Regulatory annotation of plant genomes by means of functional chromatin signatures and comparative sequence analysis

01 December 2012 → 31 August 2016
Regional and community funding: IWT/VLAIO
Research disciplines
  • Natural sciences
    • Plant biology
regulatory annotation plants transcriptional regulation gene expression
Project description

Transcriptional regulation is a dynamic process that plays an important role in establishing gene expression profiles during development or in response to (a)biotic stimuli. The aims of this project consisted of two parts: one is the study of how transcriptional regulation and gene expression is organized across the genome. The second consists of applying the obtained datasets to assign function to TFs and their target genes with previously unknown function.
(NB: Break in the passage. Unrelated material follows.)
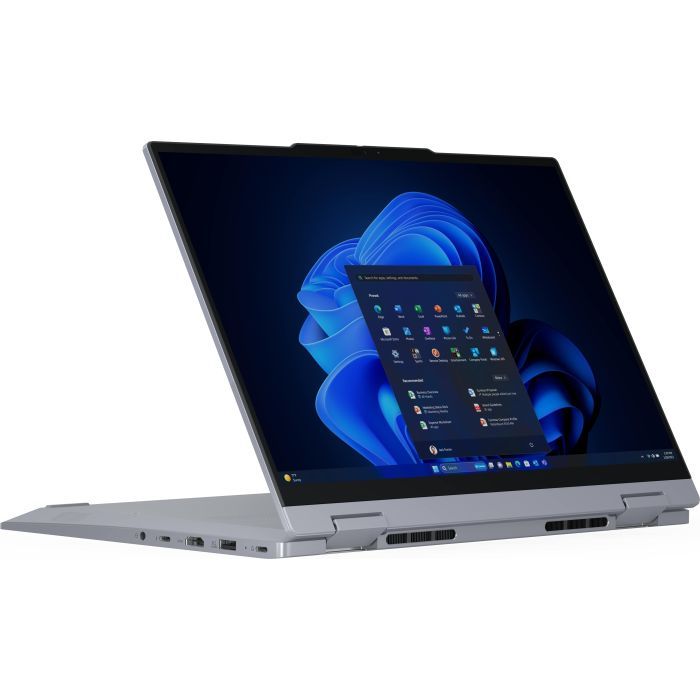 Ноутбук Lenovo ThinkBook 14 2-in-1 G4 (21MX000VRA) зображення 9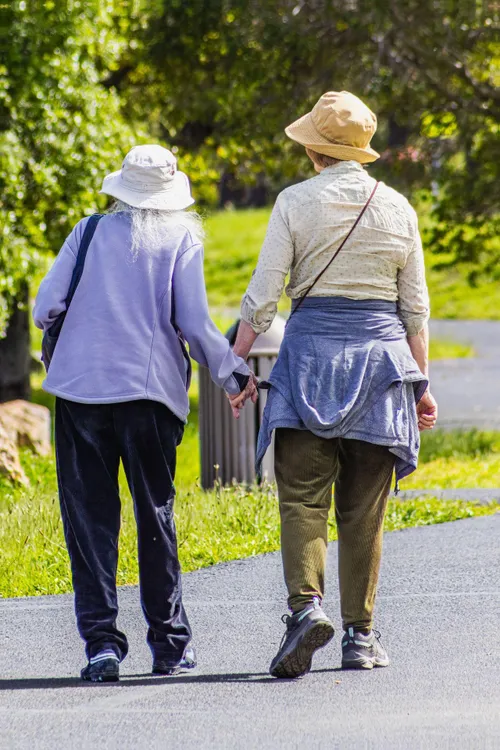 Free and discounted activities for pensioners in Cape Town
The research presented in this thesis starts with the development of a phylogenetic footprinting approach for the identification of conserved non-coding sequences (CNSs) in Arabidopsis thaliana using genomic information of 12 dicot plants. In this approach both alignment and non-alignment-based techniques were applied to identify functional motifs in a multi-species context. The method accounts for incomplete motif conservation as well as high sequence divergence between related species. In total, we identified 69,361 footprints associated with 17,895 genes. A gene regulatory network was compiled, through the integration of known TFBS obtained from literature and experimental studies, containing 40,758 interactions, of which two-thirds act through binding events located in DNase I hypersensitive sites. This network shows significant enrichment towards in vivo targets of known regulators and its overall quality was confirmed using five different biological validation metrics. Finally, a proof of concept experiment using detailed expression and function information was performed to demonstrate how static CNSs can be converted into condition-dependent regulatory networks, offering new opportunities for regulatory gene annotation.
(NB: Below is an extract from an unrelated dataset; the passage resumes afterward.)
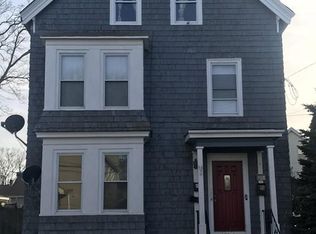 38 Chatham St, Lynn, MA 01902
In a subsequent analysis, we applied the aforementioned phylogenetic footprinting framework to ten
dicot plants for the identification of CNSs. This yielded 1,032,291 CNSs associated with 243,187 genes.
To annotate these CNSs with TFBSs, we made use of binding site information of 642 TFs originating
from 35 TF families in Arabidopsis. Validation of the obtained CNSs was performed using TF chromatin immunoprecipitation sequencing (ChIP-Seq) data from three species, resulting in significant overlap for the majority of datasets. We also identified ultra-conserved CNSs by including genomes of additional plant families and identified 715 binding sites for 501 genes conserved in dicots, monocots, mosses and green algae. Through application of the obtained CNSs we found that genes part of conserved miniregulons have a higher coherence in their expression profile than other divergent gene pairs.
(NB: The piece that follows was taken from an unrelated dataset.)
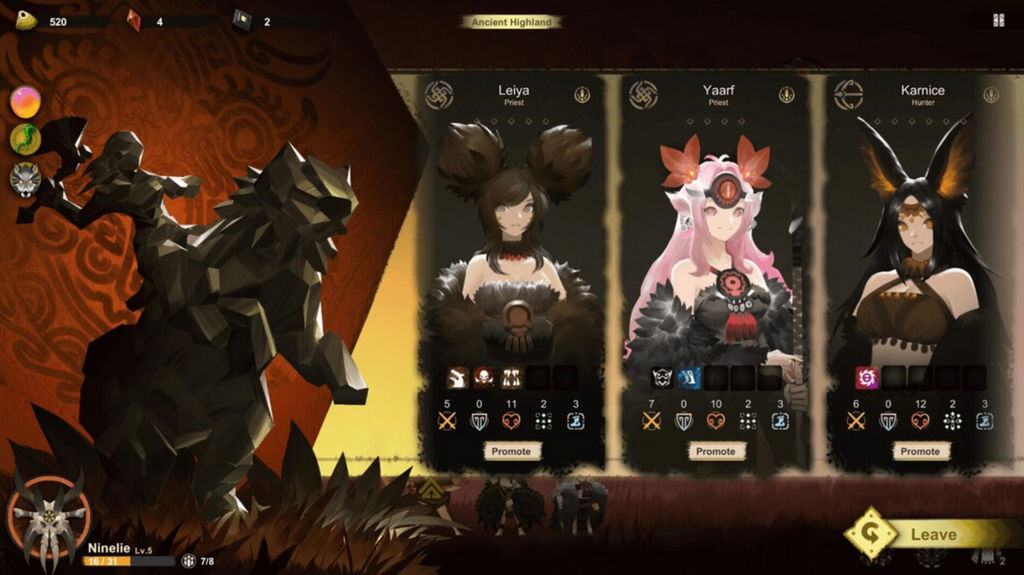 PRIME OF FLAMES - PC - STEAM - MULTILANGUAGE - WORLDWIDE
Next, a novel algorithm was developed that supports both alignment-free and alignment-based conserved motif discovery in the promoter sequences of closely related species. Putative motifs are exhaustively enumerated as words over the IUPAC alphabet and screened for conservation using the branch length score. Because of the exhaustive character of the algorithm and great resource needs, the MapReduce programming model was adopted to take advantage of a cloud computing infrastructure and handle these requirements efficiently. The method was applied to four monocotyledon plant species and we were able to show that high-scoring motifs are significantly enriched for open chromatin regions in Oryza sativa and for transcription factor binding sites inferred through protein-binding microarrays in Oryza sativa and Zea mays. Furthermore, the method was shown to recover ga2ox1-like KN1 binding sites in Zea mays experimentally profiled through ChIP-Seq.
Finally, a target gene identification analysis for 12 NAM-ATAF1/2-CUC2 (NAC) transcription factors was performed. NAC transcription factors are among the largest transcription factor families in plants,
yet limited data exists from unbiased approaches to resolve the DNA-binding preferences of individual
members. We used a TF-target gene identification workflow based on the integration of novel protein
binding microarray data with gene expression and multi-species promoter sequence conservation to identify the DNA-binding specificities and the underlying gene regulatory networks. The data offers specific single base resolution fingerprints for most TFs studied and indicates that NAC DNA binding specificities might be predicted from their DNA binding domain’s sequence. The developed methodology, including the application of complementary functional genomics filters, makes it possible to translate, for each TF, protein binding microarray data into a set of high-quality target genes. NAC target genes reported from independent in vivo analyses were confirmed to be detected by this approach.